Does shipping need to optimize routes for the delivery of goods to reduce costs and get them to customers faster? Or maybe AI could enable predictive maintenance of factory equipment, increasing uptime and lengthening the useful life of critical machines. Is the supply chain a priority? AI can assist with managing a multi-sourcing strategy to increase resilience in the face of shortages and volatility. Or perhaps your greatest need is to accurately forecast demand, so you don’t end up with excess inventory or not enough supply to fill all your customer orders.

The most successful transformative projects begin with identifying where AI could have the greatest impact first and then crafting a strategy to attain the desired business outcome. To succeed, AI must be supported by four fundamental pillars:

  • the right people
  • the right processes
  • the right systems
  • the right data.

The Right People

AI is a complex technology, and getting full value from it requires a mix of specialized skills, beginning with a data scientist or data analyst. AI requires a great deal of relevant data, formatted for its use in order to train and produce accurate insights. The AI must be closely managed to ensure that biases do not creep in over time that skew the accuracy of its predictions.

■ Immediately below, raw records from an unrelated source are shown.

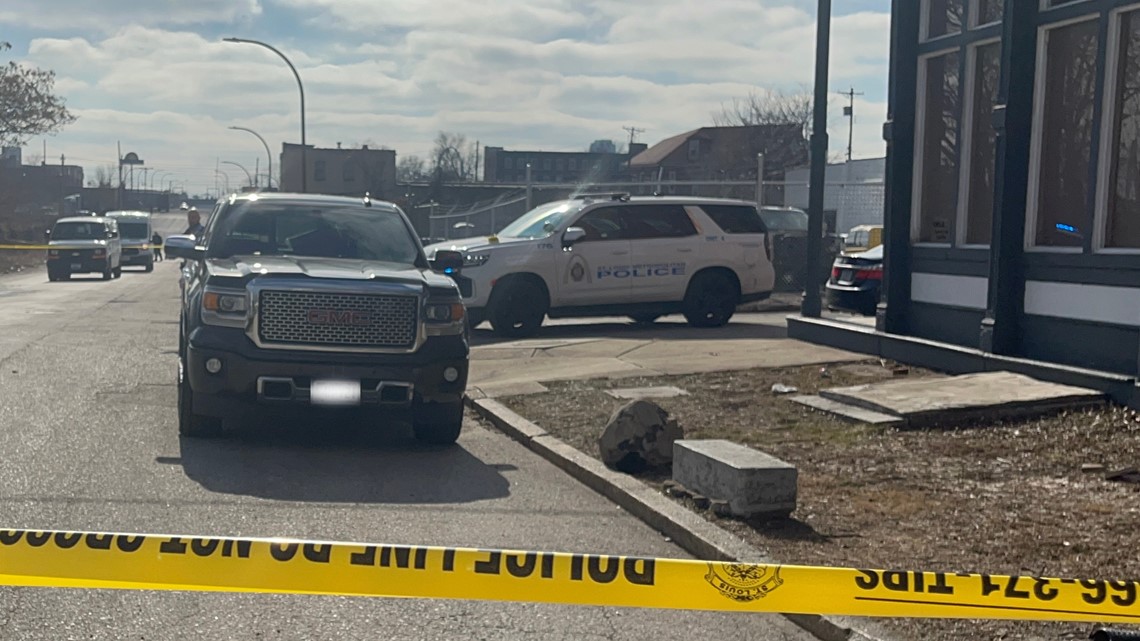 St. Louis shooting leaves 1 dead, 1 injured in industrial area | ksdk.com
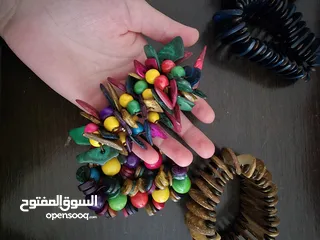  5 اساور خشبية ملونة جديدة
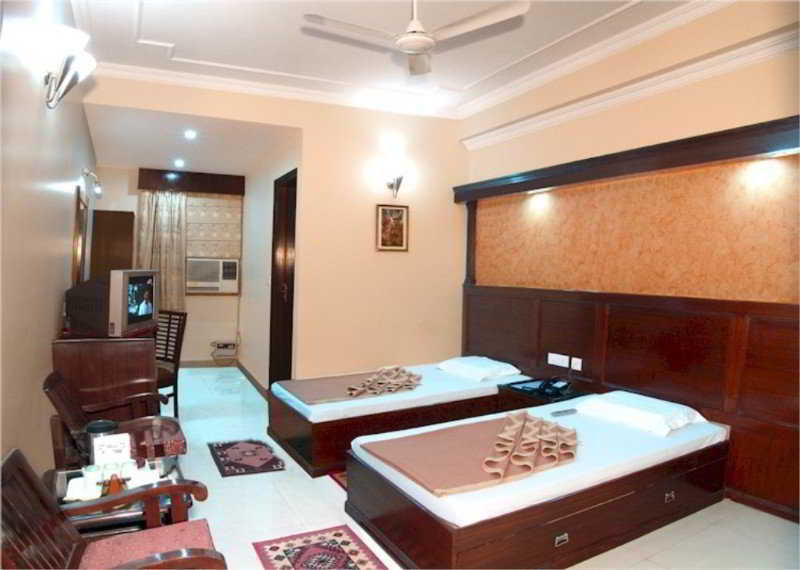 Hotel Grand Park Inn Delhi Kültér fotó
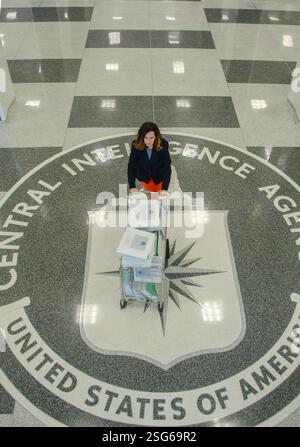 Il President's Daily Brief, a volte indicato come President's Daily Briefing o President's Daily Bulletin, è un documento top-secret prodotto e consegnato ogni mattina al presidente degli Stati Uniti; è anche distribuito a un piccolo numero di alti funzionari statunitensi che sono approvati dal presidente. Include analisi di intelligence altamente classificate, informazioni su operazioni segrete e rapporti provenienti dalle fonti più sensibili degli Stati Uniti o da quelle condivise dalle agenzie di intelligence alleate. A discrezione del presidente, il PDB può essere fornito anche al presidente eletto. Foto Stock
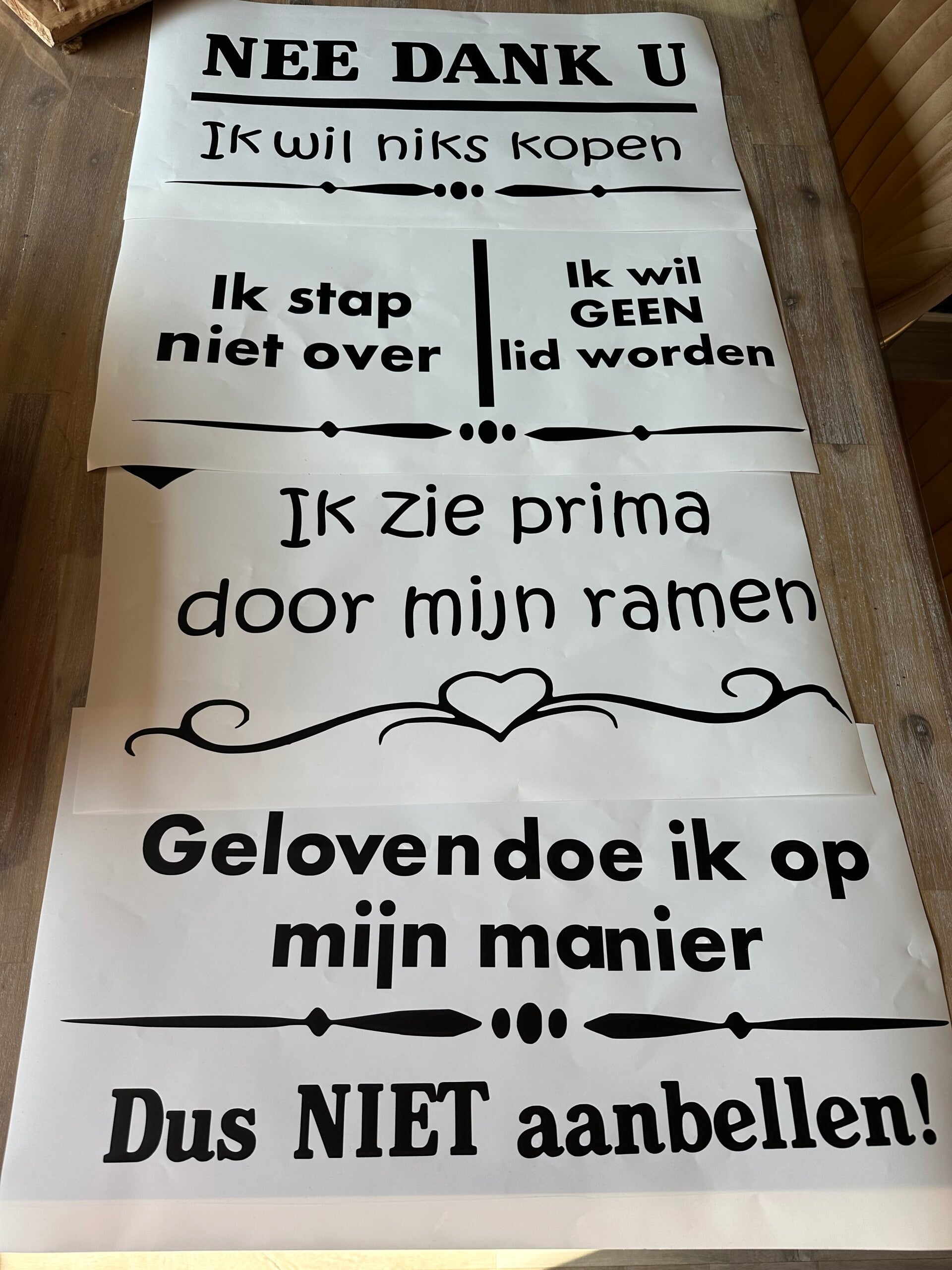 Nee dank u sticker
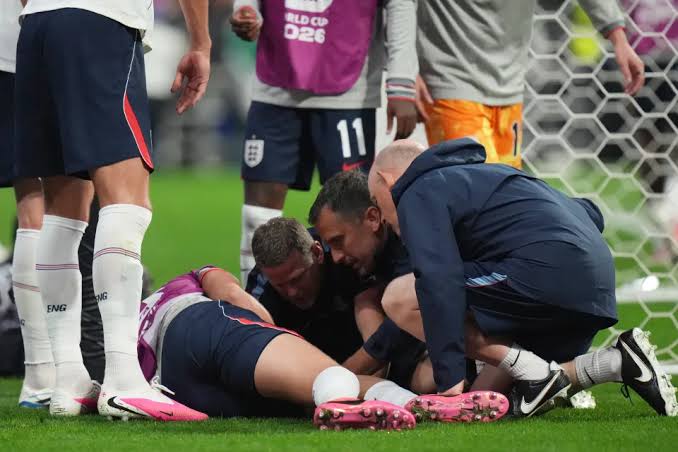 Jordan Henderson fails to mention horror injury in first post since England  star rushed to hospital in Mexico City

The team will need a technology advisor to help choose, deploy, integrate and maintain the software, hardware and networking required to support the AI. AI requires high-performance machines to process massive amounts of data quickly enough to produce timely insights. All that data will need to be stored in a scalable infrastructure and networked so it can be rapidly delivered. AI will need to be integrated with many other systems. Both to pull information out of them and deliver insights.

Finally, as noted earlier, AI should be deployed in the service of a specific business goal. Success requires a deep understanding of the business and its strategy to ensure that the insights AI is delivering are relevant to achieving those goals. This implies that process owners across the organization work in a collaborative manner to identify functional in support of overall business goals.

With collaboration across the organization, many roles should form a cohesive transformation team that will advise the organization on how to leverage AI and data to move the company forward.

The Right Processes

Processes are a series of steps whose aim is to achieve a specific goal and without the right processes, AI will at best produce insights on which no one ever acts. If those insights aren’t acted on they may as well not exist. It’s important to map out the steps that an organization will follow to achieve the results or business objectives and map where AI is best able to help achieve these goals and objectives. It’s critical that people understand their roles and how they contribute to achieving the end goal. People are not mindless cogs in a machine and we all work better when we fully comprehend both what we’re expected to do and why our tasks are important.  

It is also important to define appropriate measurements and feedback loops to assess how well the process is working. AI is still a fairly new technology, and there will always be room for improving processes, tweaking the data and honing the questions AI is addressing. It must be done in a cohesive manner that enables meeting business objectives.

The Right Systems

The technical requirements for AI can be demanding, depending on the use case to which you are applying it. In advanced use cases, the organization may need high-performance computing (HPC) clusters powered by graphical processing units (GPUs), with data stored in data lakes or even a data lake house. IT will need to evaluate whether to deploy on premises, in the cloud or on a hybrid model. These resources will all need to be in a cohesive architecture that provides security, resiliency and performance.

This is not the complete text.